- **Problem to solve**:
The answer is the exact text of every line from the one that contains "Radyator Alt Hortumu" to the final line of the entries below, with pictures left out.

==============================

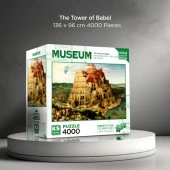 KS Games 4000 Parça Babil Kulesi Puzzle thumbnail 2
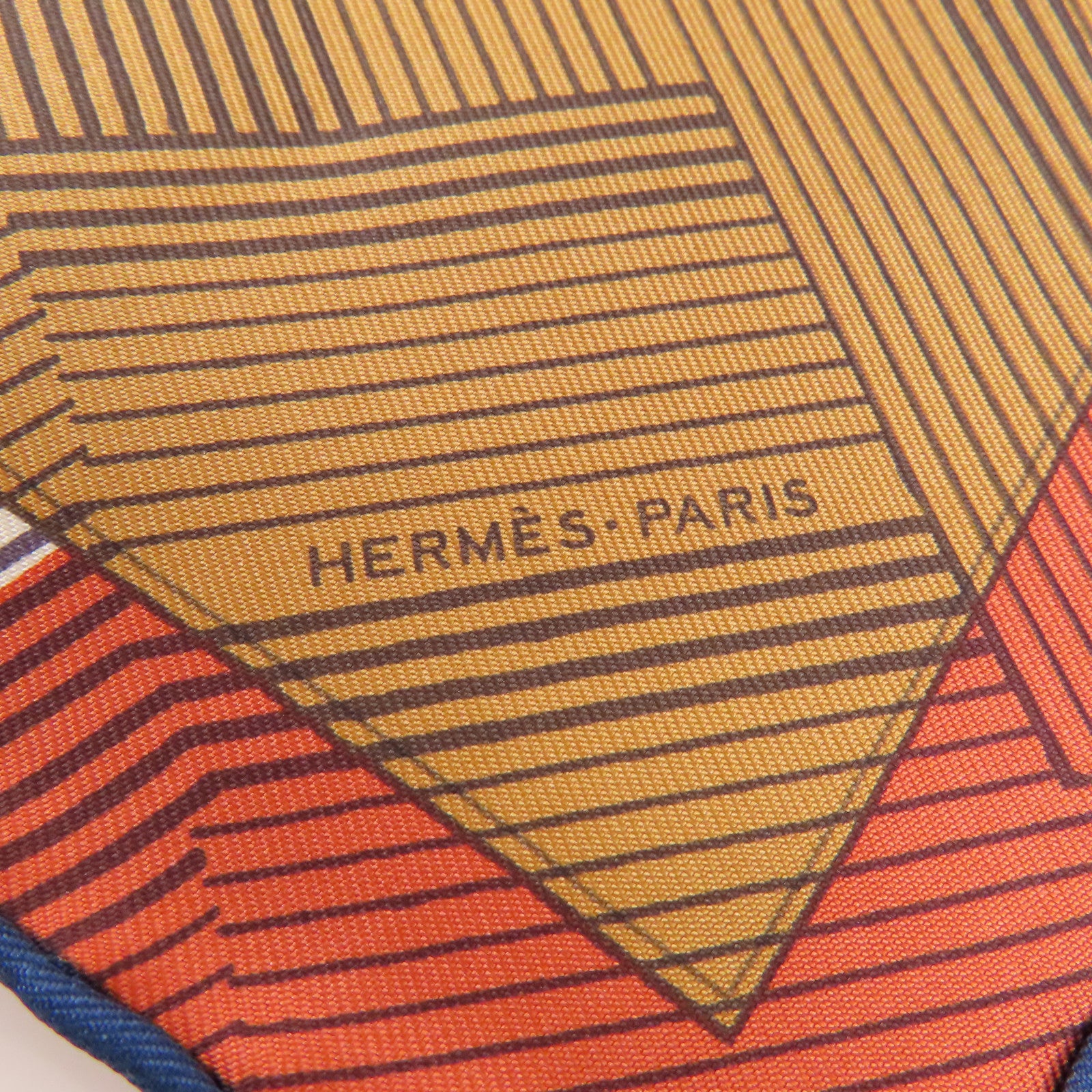 HERMES 絲質Scarf絲巾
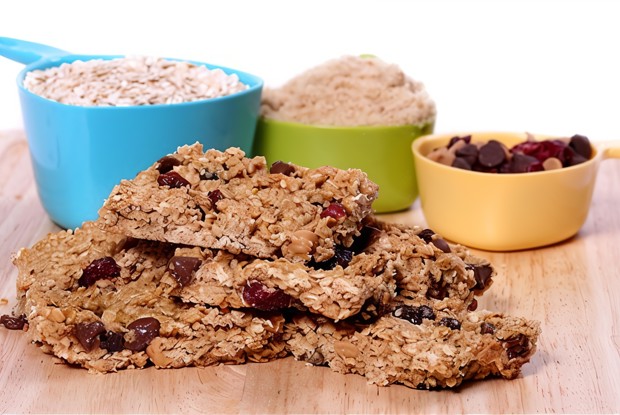 Овсяные батончики
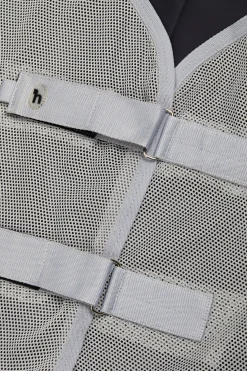 Nevada Combo Regen-/Fliegendecke mit abnehmbarem Halsteil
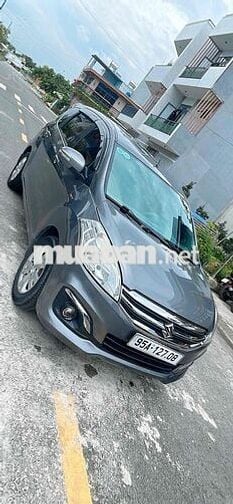 Suzuki Ertiga 2017 1.4 AT - 82000 km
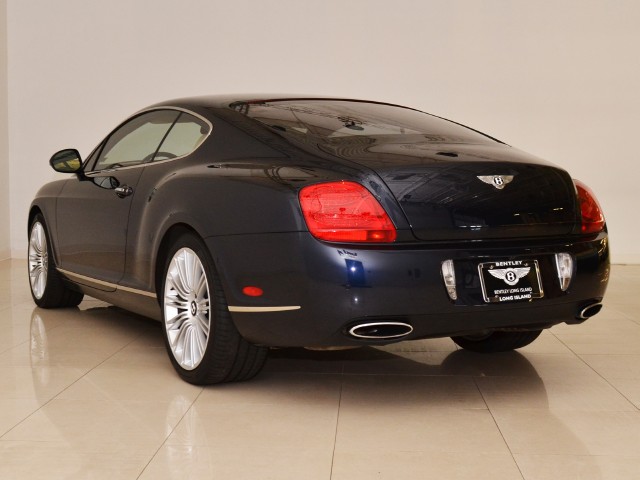 2010 Bentley Continental GT Speed Image 8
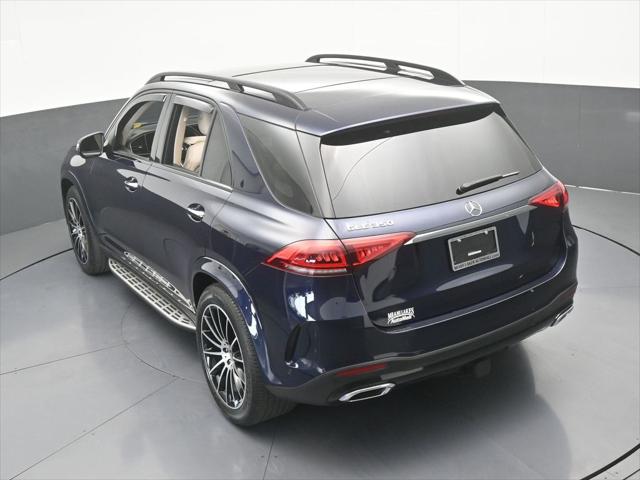 2022 Mercedes-Benz GLE GLE 350 GLE 350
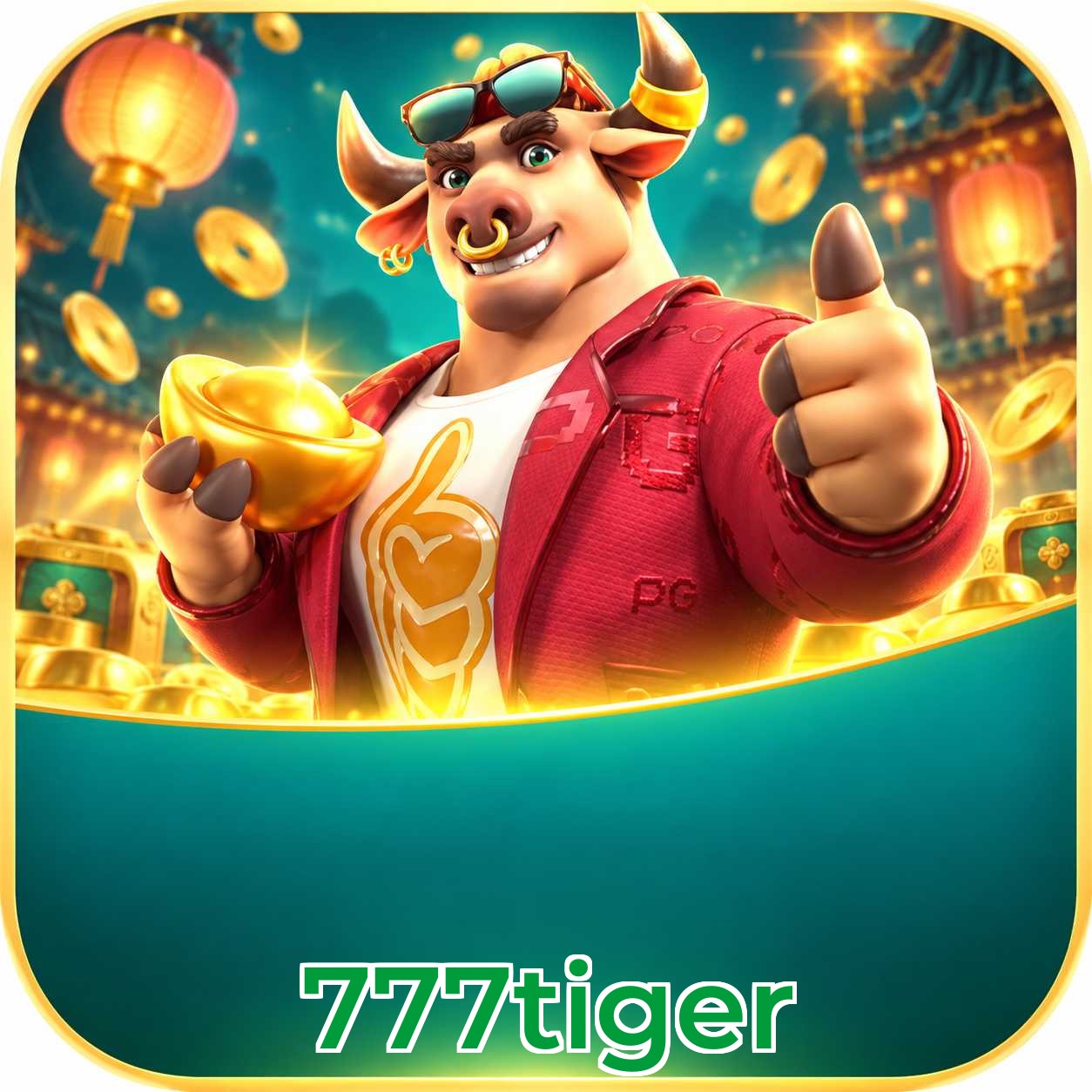 777tiger Logo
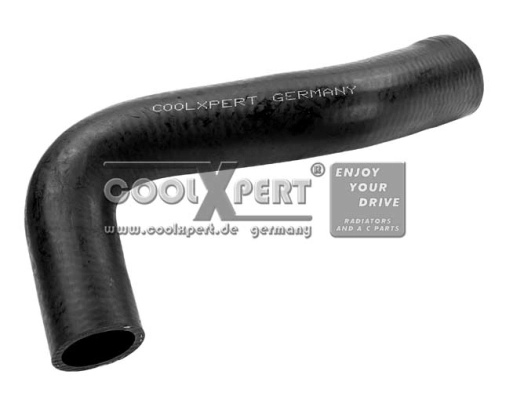 Radyator Alt Hortumu Golf II 1,6 1,8 84>92 | YTT Y10952 | OEM 191121051F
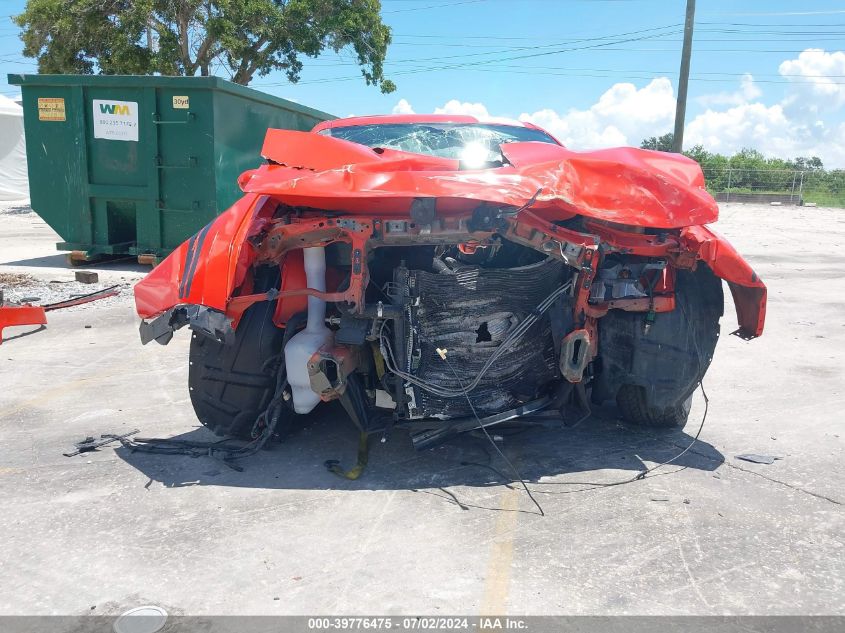 2010 Dodge Challenger R/T VIN: 2B3CJ5DT0AH219941 Lot: 39776475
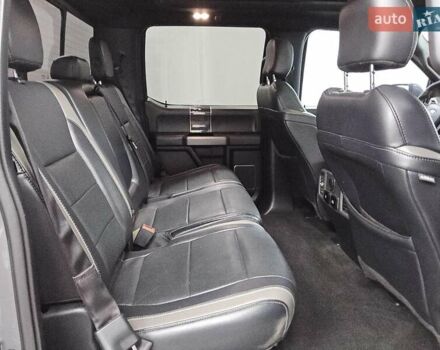 Сірий Форд Ф-150, об'ємом двигуна 3.5 л та пробігом 178 тис. км за 7400 $, фото 8 на Automoto.ua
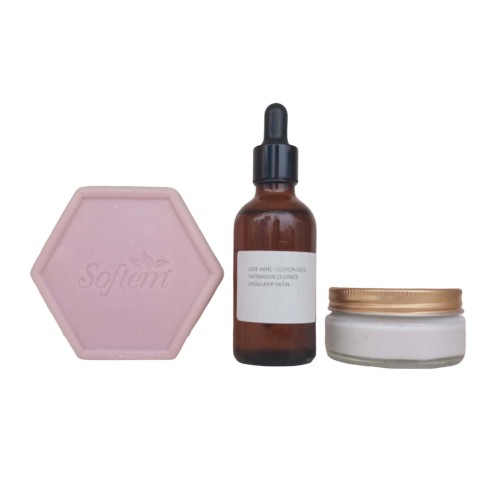 Facial Acne Treatment Set, Herbal Facial Spots Treatment, Skin Pigmentation Removal, Special Herbal Mixture Facial Acne Treatment Set, Herbal Facial Spots Treatment, Skin Pigmentation Removal, Special Herbal Mixture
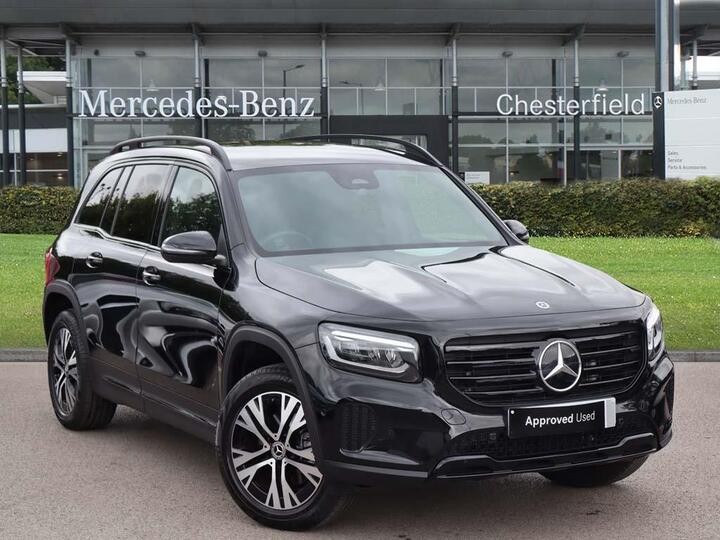Mercedes-Benz GLB 1.3 GLB200h MHEV Sport (Executive) 7G-DCT Euro 6 (s/s) 5dr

==============================

- **Reply**:
 Radyator Alt Hortumu Golf II 1,6 1,8 84>92 | YTT Y10952 | OEM 191121051F
 2010 Dodge Challenger R/T VIN: 2B3CJ5DT0AH219941 Lot: 39776475
 Сірий Форд Ф-150, об'ємом двигуна 3.5 л та пробігом 178 тис. км за 7400 $, фото 8 на Automoto.ua
 Facial Acne Treatment Set, Herbal Facial Spots Treatment, Skin Pigmentation Removal, Special Herbal Mixture Facial Acne Treatment Set, Herbal Facial Spots Treatment, Skin Pigmentation Removal, Special Herbal Mixture
Mercedes-Benz GLB 1.3 GLB200h MHEV Sport (Executive) 7G-DCT Euro 6 (s/s) 5dr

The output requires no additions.